Any major shift in communication technology goes through these stages:
- Experimentation
- Early narrow implementation
- Establishment of community
- Enhancement of solidarity in face of establishment backlash
- Giving awards to ourselves
Gosh, is it time for step five again?
Yep. The Canadian Blog Awards have opened nominations for 2005, celebrating the Canadian blogospheriverse’s capacity for creating provocative, insightful commentary and engaging, ground-breaking citizen journalism. (Or, failing that, our ability to game the system, rig the vote and make off with a boatload of ill-gotten virtual booty.)
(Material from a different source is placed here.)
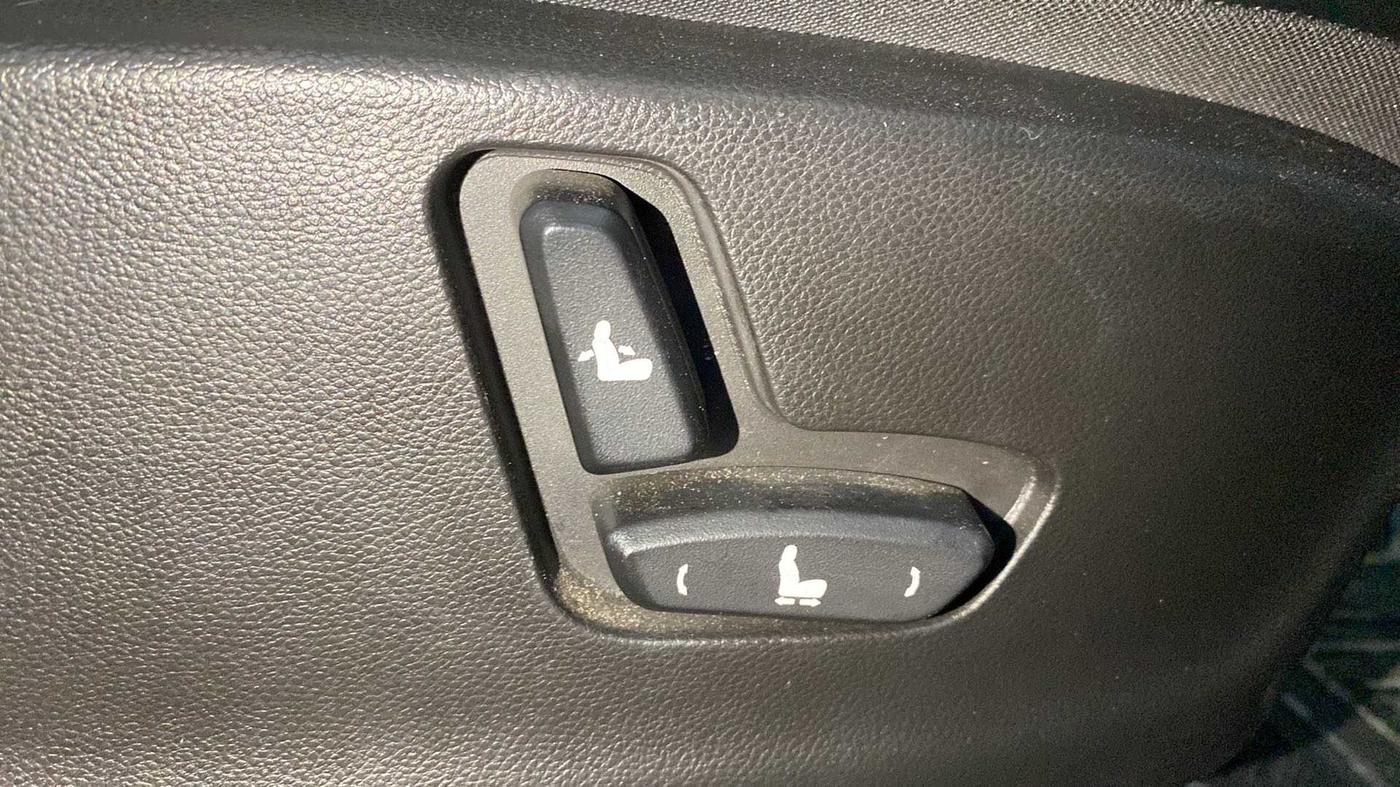 2022 MG HECTOR SHARP 1.5 PETROL CVT, Petrol, Automatic, 17,760 km, Driver Side Adjustment Panel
You can nominate any Canadian blog you like (including blogs by expats living abroad and visitors living in Canada). Modesty forbids one from suggesting that one nominate one’s blog… but you know, if you felt so inclined…
Meanwhile, beyond shameless self-promotion (suggested categories: humour, personal, “liberal”, best blog by a practising metrosexual), there’s a little something in all of this for folks who just want to find a few more good blogs to read: the list of nominations. If you’ve been looking to expand your daily intake of bloggy goodness, it’s a terrific starting point.
Given that the nomination categories include religion blogs, why was science left off the list? Science blogging is arguably the most valuable of all blogs, given that so many scientists are now allowing the world to follow the entire scientific process, warts and all, through the musings of individual researchers. Unlike most political blogs, which usually constitute ill-informed screeds, science blogs actually play a role in advancing the evolution of ideas.
My blog, by the way, is not a science blog — so I’m not angling for a nomination.